Oracle Scratchpad

November 23, 2007

Table Rebuilds

Filed under: Infrastructure,Oracle,Tuning — Jonathan Lewis @ 7:25 pm GMT Nov 23,2007

Here’s a question that came up on the OTN database forum recently:

I want to reorganize some tables to release some space, how can I find the tables that need to be reorganized. I found something that whenever I reorganize the tables it won’t release space, instead the size of the table increases. Can we find the tables which will gain space by reorganization ?

I’m not going to address the ‘how do we find the tables’ question here – but I thought I’d just describe how difficult the problem of re-organising tables can be by quoting something I wrote in Practical Oracle 8i nearly eight years ago.

Imagine you have some sort of order processing system where each order goes through three main stages – ‘new’, ‘in progress’, ‘completed’.  A ‘new’ row requires 50 bytes of storage, an ‘in progress’ row takes up 100 bytes, and a ‘completed’ row reaches it full maturity at 150 bytes.  The canny DBA quickly works out that PCTFREE should be set to 65% to allow new rows to grow to full size without migrating (which also means setting PCTUSED to 35% or less as the total of PCTUSED and PCTFREE has to be no more than 100).

Every month, most orders that were completed at least 12 months earlier are deleted from the system, but some are retained for various reasons.  Over a period of time the table becomes a little ragged because of this incomplete clear down, so the DBA decides the time has come to rebuild the table and claw back some space and efficiency.

Ask yourselves this question: what should the value of PCTFREE be (at least temporarily) as the table is being rebuilt?

Assume 95% of the rows in the table are complete, 4% are in progress, and 1% are new.  For the benefit of the completed rows, the best value for PCTFREE would be zero since the bulk of the data will never be updated again, but this would be disastrous for the more recent 5% of the data which needs plenty of room to grow.  Conversely if you set PCTFREE to 65% to cater for the new data, or even 35% to compromise between the new data and the ‘in progress’ data, you waste a huge amount of space in the blocks which contain only completed data.

Of course you could get your spreadsheet going and decide on 2% as a reasonable weighted average – (95% * 0 + 4% * 35 + 1% * 65)/100, and hope for the best.  You could start playing complicated games with partial unloads and reloads, changing PCTFREE as you go.  There are several (tedious) variations of making the best of an awkward situation. 

The book then goes on to describe how you might do some testing with the minimize records_per_block option of the alter table command to prepare an empty table which would only allow you to insert the “correct” number of rows per block.

In passing, one of the answers to the original question pointed to an item on OraFaq that suggested that you identify tables where rebuilding might be of some benefit by looking at dba_tables, multiplying avg_row_len by num_rows,  dividing by the block size then comparing with blocks.
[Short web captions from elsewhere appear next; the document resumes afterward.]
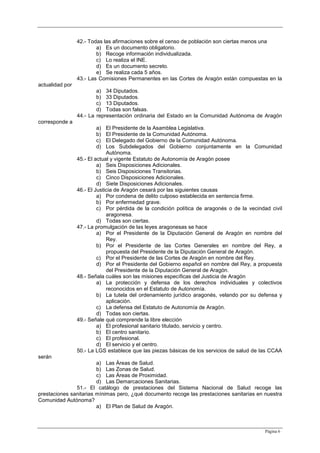 Página 6
42.- Todas las afirmaciones sobre el censo de población son ciertas menos una
a) Es un documento obligatorio.
b) Recoge información individualizada.
c) Lo realiza el INE.
d) Es un documento secreto.
e) Se realiza cada 5 años.
43.- Las Comisiones Permanentes en las Cortes de Aragón están compuestas en la
actualidad por
a) 34 Diputados.
b) 33 Diputados.
c) 13 Diputados.
d) Todas son falsas.
44.- La representación ordinaria del Estado en la Comunidad Autónoma de Aragón
corresponde a
a) El Presidente de la Asamblea Legislativa.
b) El Presidente de la Comunidad Autónoma.
c) El Delegado del Gobierno de la Comunidad Autónoma.
d) Los Subdelegados del Gobierno conjuntamente en la Comunidad
Autónoma.
45.- El actual y vigente Estatuto de Autonomía de Aragón posee
a) Seis Disposiciones Adicionales.
b) Seis Disposiciones Transitorias.
c) Cinco Disposiciones Adicionales.
d) Siete Disposiciones Adicionales.
46.- El Justicia de Aragón cesará por las siguientes causas
a) Por condena de delito culposo establecida en sentencia firme.
b) Por enfermedad grave.
c) Por pérdida de la condición política de aragonés o de la vecindad civil
aragonesa.
d) Todas son ciertas.
47.- La promulgación de las leyes aragonesas se hace
a) Por el Presidente de la Diputación General de Aragón en nombre del
Rey.
b) Por el Presidente de las Cortes Generales en nombre del Rey, a
propuesta del Presidente de la Diputación General de Aragón.
c) Por el Presidente de las Cortes de Aragón en nombre del Rey.
d) Por el Presidente del Gobierno español en nombre del Rey, a propuesta
del Presidente de la Diputación General de Aragón.
48.- Señala cuáles son las misiones específicas del Justicia de Aragón
a) La protección y defensa de los derechos individuales y colectivos
reconocidos en el Estatuto de Autonomía.
b) La tutela del ordenamiento jurídico aragonés, velando por su defensa y
aplicación.
c) La defensa del Estatuto de Autonomía de Aragón.
d) Todas son ciertas.
49.- Señale qué comprende la libre elección
a) El profesional sanitario titulado, servicio y centro.
b) El centro sanitario.
c) El profesional.
d) El servicio y el centro.
50.- La LGS establece que las piezas básicas de los servicios de salud de las CCAA
serán
a) Las Áreas de Salud.
b) Las Zonas de Salud.
c) Las Áreas de Proximidad.
d) Las Demarcaciones Sanitarias.
51.- El catálogo de prestaciones del Sistema Nacional de Salud recoge las
prestaciones sanitarias mínimas pero, ¿qué documento recoge las prestaciones sanitarias en nuestra
Comunidad Autónoma?
a) El Plan de Salud de Aragón.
If blocks is much larger – say 50% larger – than the space needed for the data then you may have a table worth thinking about.

Although it made no allowances for row and block overheads, as a pointer to trouble-spots it’s probably quite reasonable in most cases – provided your statistics are reasonably accurate and you don’t have long, LOB, varray, nested table or UDT (user-defined type) columns – all of which can make the arithmetic irrelevant.

13 Comments »

  1. “Imagine you have some sort of order processing system where each order goes through three main stages – ‘new’, ‘in progress’, ‘completed’. A ‘new’ row requires 50 bytes of storage, an ‘in progress’ row takes up 100 bytes, and a ‘completed’ row reaches it full maturity at 150 bytes. ”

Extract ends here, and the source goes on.